我正在编写一个Python脚本,该脚本旨在处理一些数据,创建一个表(如果不存在),并在插入刷新的数据集之前截断该表。我使用的角色具有使用、读取、写入、创建表权限以及阶段权限设置,如下所示:
grant usage, read, write on future stages in schema <schema> to role <role>
我通过雪花连接器在 python 中使用 write_pandas 函数。文档说这个函数使用 PUT 和 Copy Into 命令:
To write the data to the table, the function saves the data to Parquet files, uses the PUT command to upload these files to a temporary stage, and uses the COPY INTO <table> command to copy the data from the files to the table. You can use some of the function parameters to control how the PUT and COPY INTO <table> statements are executed.
我仍然收到错误消息,指出我无法对架构进行操作,并且我不确定还需要添加什么。有人拥有运行 write_pandas 命令所需的权限列表吗?
write_pandas()
不会自动创建表格。如果事先不存在该表,则需要自行创建该表。每次运行 write_pandas()
时,它只会将数据帧附加到您指定的表中。
另一方面,如果您使用
df.to_sql(..., method=pd_writer)
将 pandas 数据帧写入雪花,它会自动为您创建表,并且您可以在 if_exists
中使用 to_sql()
来指定不同的行为 - 追加、替换或失败- 如果表已经存在。
我有一个相当不优雅的解决方案,可以完成表创建和附加的工作,所有这些都无需离开我的 Jupyter。
我将此代码保存在我的 sql 实用程序文件中。 get_col_types 函数将创建创建表所需的列名称和数据类型的字典。
def get_col_types(df):
'''
Helper function to create/modify Snowflake tables; gets the column and dtype pair for each item in the dataframe
args:
df: dataframe to evaluate
'''
import numpy as np
# get dtypes and convert to df
ct = df.dtypes.reset_index().rename(columns={0:'col'})
ct = ct.apply(lambda x: x.astype(str).str.upper()) # case matching as snowflake needs it in uppers
# only considers objects at this point
# only considers objects and ints at this point
ct['col'] = np.where(ct['col']=='OBJECT', 'VARCHAR', ct['col'])
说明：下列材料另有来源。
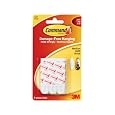 Command 17021P Medium Mounting Refill Strips, 9 Strips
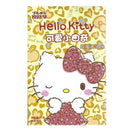 Hello Kitty Butter Cookies - Biscotti al Burro e Miele - 47g
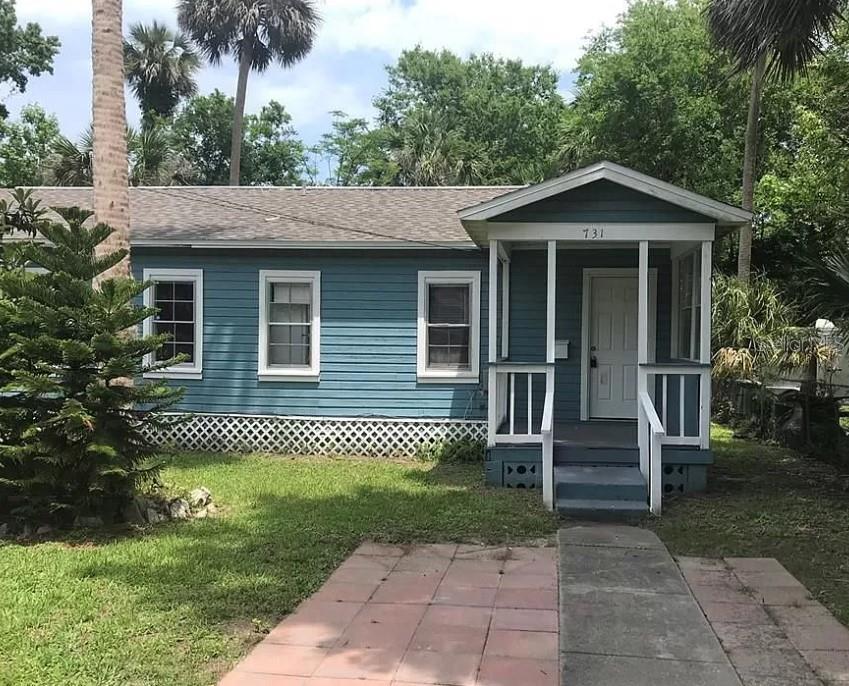 731 FLORENCE ST, DAYTONA BEACH, FL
ct['col'] = np.where(ct['col'].str.contains('DATE'), 'DATETIME', ct['col'])
ct['col'] = np.where(ct['col'].str.contains('INT'), 'NUMERIC', ct['col'])
ct['col'] = np.where(ct['col'].str.contains('FLOAT'), 'FLOAT', ct['col'])
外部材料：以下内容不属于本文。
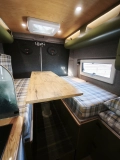                         OKAZJA!! Fiat Ducato L2H2 Campervan Kamper Salon PL - zdjęcie 4
                        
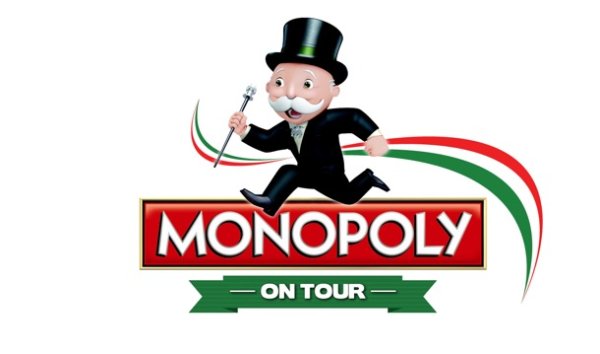 Monopoly Live игра сайт
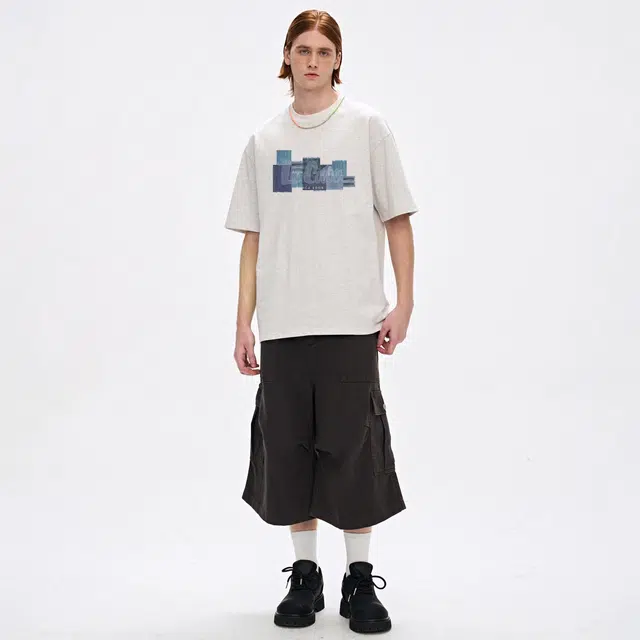 Lee Cooper T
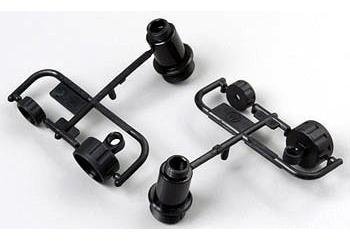 Набор деталей "W" (2шт) (W Parts (x2)) артикул 	TAM-50599 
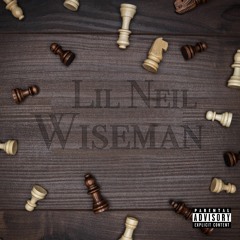 Lil Neil Works Magic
# get the column dtype pair
l = []
for index, row in ct.iterrows():
l.append(row['index'] + ' ' + row['col'])
string = ', '.join(l) # convert from list to a string object
string = string.strip()
return string
def create_table(table, action, col_type, df):
'''
Function to create/replace and append to tables in Snowflake
args:
table: name of the table to create/modify
action: whether do the initial create/replace or appending; key to control logic
col_type: string with column name associated dtype, each pair separated by a comma; comes from get_col_types() func
df: dataframe to load
dependencies: function get_col_types(); helper function to get the col and dtypes to create a table
'''
import pandas as pd
import snowflake.connector as snow
from snowflake.connector.pandas_tools import write_pandas
from snowflake.connector.pandas_tools import pd_writer
database=database
warehouse=warehouse
schema=schema
# set up connection
conn = snow.connect(
account = ACCOUNT,
user = USER,
password = PW,
warehouse = warehouse,
database = database,
schema = schema,
role = ROLE)
# set up cursor
cur = conn.cursor()
if action=='create_replace':
# set up execute
cur.execute(
""" CREATE OR REPLACE TABLE
""" + table +"""(""" + col_type + """)""")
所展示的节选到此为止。